Aku kutip dari kompas.com. Pemimpin selalu berkorelasi dengan tanggung jawab. Meminjam deskripsi Henry Pratt Faiechild dalam Kartini Kartono (1994), pemimpin adalah seorang yang memprakarsai tingkah laku sosial dengan mengatur, mengarahkan, mengorganisasi, atau mengontrol usaha orang lain melalui prestise, kekuasaan dan posisi. Jadi, korupsi dalam lingkar oligarki kekuasaan sesungguhnya juga menjadi tanggung jawab si pemimpin.
Kedua, gak paham dengan sistem akuntabilitas.
BACA JUGA: 7 JENIS TINDAK PIDANA KORUPSI
Kamus Besar Bahasa Indonesia (KBBI) menjelaskan pengertian akuntabilitas adalah pertanggungjawaban atau keadaan yang dapat dimintai pertanggungjawaban.

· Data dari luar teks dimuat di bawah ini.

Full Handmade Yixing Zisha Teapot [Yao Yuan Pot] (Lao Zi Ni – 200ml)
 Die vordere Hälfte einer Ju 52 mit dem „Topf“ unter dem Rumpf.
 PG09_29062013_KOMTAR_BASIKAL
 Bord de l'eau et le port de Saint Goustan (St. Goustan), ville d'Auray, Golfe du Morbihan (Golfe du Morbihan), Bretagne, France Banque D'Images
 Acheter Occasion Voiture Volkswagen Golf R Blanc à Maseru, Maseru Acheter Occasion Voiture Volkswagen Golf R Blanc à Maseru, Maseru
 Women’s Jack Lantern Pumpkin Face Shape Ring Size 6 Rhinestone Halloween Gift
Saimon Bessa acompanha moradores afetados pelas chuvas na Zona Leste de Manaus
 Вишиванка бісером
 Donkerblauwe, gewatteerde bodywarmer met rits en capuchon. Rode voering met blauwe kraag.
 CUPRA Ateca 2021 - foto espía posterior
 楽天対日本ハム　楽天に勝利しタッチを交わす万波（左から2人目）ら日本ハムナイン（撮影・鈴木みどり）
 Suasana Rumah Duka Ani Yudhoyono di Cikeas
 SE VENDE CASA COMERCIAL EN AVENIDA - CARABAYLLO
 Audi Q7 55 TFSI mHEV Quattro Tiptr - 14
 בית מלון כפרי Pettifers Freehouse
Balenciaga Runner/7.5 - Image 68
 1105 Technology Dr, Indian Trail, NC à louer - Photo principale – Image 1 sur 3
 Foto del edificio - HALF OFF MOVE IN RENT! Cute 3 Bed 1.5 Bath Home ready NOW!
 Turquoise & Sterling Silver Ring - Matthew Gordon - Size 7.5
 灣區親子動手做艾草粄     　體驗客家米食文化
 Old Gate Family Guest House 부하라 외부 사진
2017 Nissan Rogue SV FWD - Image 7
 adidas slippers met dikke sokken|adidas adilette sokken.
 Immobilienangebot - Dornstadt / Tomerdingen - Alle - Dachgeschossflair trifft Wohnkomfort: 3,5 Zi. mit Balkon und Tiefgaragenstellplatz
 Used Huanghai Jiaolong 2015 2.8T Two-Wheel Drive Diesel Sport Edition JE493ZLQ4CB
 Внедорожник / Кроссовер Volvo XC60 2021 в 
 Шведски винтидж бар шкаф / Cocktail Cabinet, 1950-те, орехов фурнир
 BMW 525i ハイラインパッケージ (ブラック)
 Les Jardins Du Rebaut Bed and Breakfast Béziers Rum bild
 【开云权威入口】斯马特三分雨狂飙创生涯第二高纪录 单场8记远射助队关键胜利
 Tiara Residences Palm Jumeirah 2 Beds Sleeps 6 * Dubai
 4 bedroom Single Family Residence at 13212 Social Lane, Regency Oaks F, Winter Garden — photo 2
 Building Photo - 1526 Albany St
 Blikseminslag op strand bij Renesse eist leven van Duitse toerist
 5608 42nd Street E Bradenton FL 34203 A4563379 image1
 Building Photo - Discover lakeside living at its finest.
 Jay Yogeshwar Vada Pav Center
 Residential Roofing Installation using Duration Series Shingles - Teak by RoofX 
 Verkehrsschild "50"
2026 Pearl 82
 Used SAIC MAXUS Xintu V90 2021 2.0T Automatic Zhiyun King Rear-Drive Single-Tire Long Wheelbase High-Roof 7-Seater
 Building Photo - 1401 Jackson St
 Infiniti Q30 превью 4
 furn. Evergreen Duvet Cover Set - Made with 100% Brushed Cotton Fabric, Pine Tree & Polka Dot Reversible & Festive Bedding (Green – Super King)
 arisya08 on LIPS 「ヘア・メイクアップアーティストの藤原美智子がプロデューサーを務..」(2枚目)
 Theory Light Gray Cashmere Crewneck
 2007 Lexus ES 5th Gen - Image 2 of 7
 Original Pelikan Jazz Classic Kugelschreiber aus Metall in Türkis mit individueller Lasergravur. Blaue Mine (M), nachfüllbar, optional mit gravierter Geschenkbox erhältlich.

Sederhananya, akuntabilitas merujuk pada kewajiban individu, kelompok atau institusi untuk memenuhi tanggung jawab yang menjadi amanahnya.
Harusnya semua organisasi menerapkan sistem akuntabilitas. Ngasih report pertanggungjawaban yang jelas dan transparan, terutama terkait pengelolaan keuangan organisasi.
Kalo prinsip akuntabilitas dilaksanakan dalam sebuah organisasi, niscaya korupsi bisa terdeteksi. Setidaknya akuntabilitas bisa digunakan sebagai alat untuk mencegah terjadinya korupsi.
Nah, itulah 5 (lima) penyebab korupsi versi aku. Sebenarnya masih banyak lagi sih, tapi next time aja kita bahas lagi.
Yuks, mari mulai peduli. Kalo bukan kita, siapa lagi yang bisa memberantas korupsi. Mulailah menanamkan kejujuran dan nilai anti korupsi di lingkungan keluarga, lalu ke organisasi lingkungan kita. Baru deh, bahas korupsi lingkup negara.
Hari anti korupsinya masih bulan depan. Yuks, campaignnya mulai sekarang.